Recently, Tunisia is the world’s leader in using block chain technology for its virtual currency, an innovation that may have significant financial resources and provides more opportunities for young people.  Being the pioneer in this field and taking such an initiative shows that Tunisia is ready for real change and that technology will pave the way. Indeed, the health sector in Tunisia has distinguished and renowned doctors, which explains the growth of medical tourism in this country.  Integrating the latest technologies and upgrading its equipment will maintain this reputation and ensure further growth of its economy.

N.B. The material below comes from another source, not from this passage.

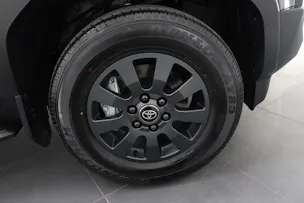 Toyota Land Cruiser 2.8 D 48V Style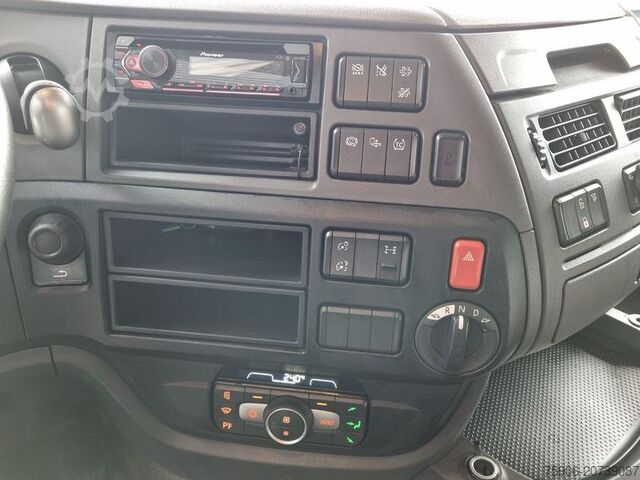 Standard tractor unit DAF XF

Yassine Harzallah, the NEF Ambassador for Tunisia, is currently studying towards a Master’s degree in Computer Science at INSA Lyon, one of the highest-ranking and most selective public engineering schools in France. He was selected as one of 60 ambassadors worldwide to represent Africa in the Youth to Youth Summit Lithuania focused on the “Role of Youth in Solving Global Challenges and Bridging Gaps among Nations” and has been awarded by International Rotary for serving as the founding and prominent member of the Interact Club Monastir Tunisia. Yassine enjoys applying his programming skills to make a difference in the world and tackle a variety of global challenges. Demonstrating his passion to learn in an international environment, he previously participated in Internet Of Things (IoT) Tool Development at KTH Stockholm, where he developed an IoT tool of fall detection called NFA (Never Fall Again), which was presented to two hospitals in Stockholm. Mr. Harzallah led the TEDx INSA logistics team. He is also highly creative and innovative, securing an award for the Best Start-up idea at Prezi Hungary.